Alibaba builds the data infrastructure with Apache Hadoop YARN since 2013, and till now it manages more than 10k nodes. In Alibaba, Hadoop YARN serves various systems such as search, advertising, and recommendation etc. It runs not just batch jobs, also streaming, machine learning, OLAP, and even online services that directly impact Alibaba’s user experience. To extend YARN’s ability to support such complex scenarios, we have done and leveraged a lot of YARN 3.x improvements.
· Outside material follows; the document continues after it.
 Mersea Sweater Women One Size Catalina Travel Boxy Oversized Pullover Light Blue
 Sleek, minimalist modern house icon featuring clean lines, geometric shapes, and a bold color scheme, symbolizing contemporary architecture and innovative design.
In this talk, you will find what are these improvements and how they helped to solve difficult problems in large production clusters.

This includes:
1. Highly improved performance with Capacity Scheduler’s async scheduling framework
2. Better placement decisions with node attributes, placement constraints
3. Better resource utilization with opportunistic containers
4. Introduce a load balancer to balance resource utilization
5. Generic resource types scheduling/isolation to manage new resources such as GPU and FPGA

In the presentation, we will further introduce how we build the entire ecosystem on top of YARN and how we keep evolving YARN’s ability to tackle the challenges brought by continuously increasing data and business in Alibaba.

SPEAKERS

Weiwei Yang
Staff Software Engineer
Hortonworks
Weiwei is a Staff Engineer working at Hortonworks, a Apache Hadoop committer and PMC member. He has been working on Hadoop for over 8 years, and contributed to both HDFS and YARN. His work mainly includes storage features like Ozone metadata store, garbage collection, and scheduling features like YARN placement constraints, async scheduling and CSI adoption etc. Before Hortonworks, he worked in Alibaba’s data infrastructure team, with experiences of evolving big data platform at 10k+ nodes scale. Prior to that, he worked in IBM for several years as one of the startup member of Biginsights project.
Ren Chunde
Engineering Manager
Alibaba
Chunde Ren is a engineering manager, leading the development of Apache YARN in Alibaba.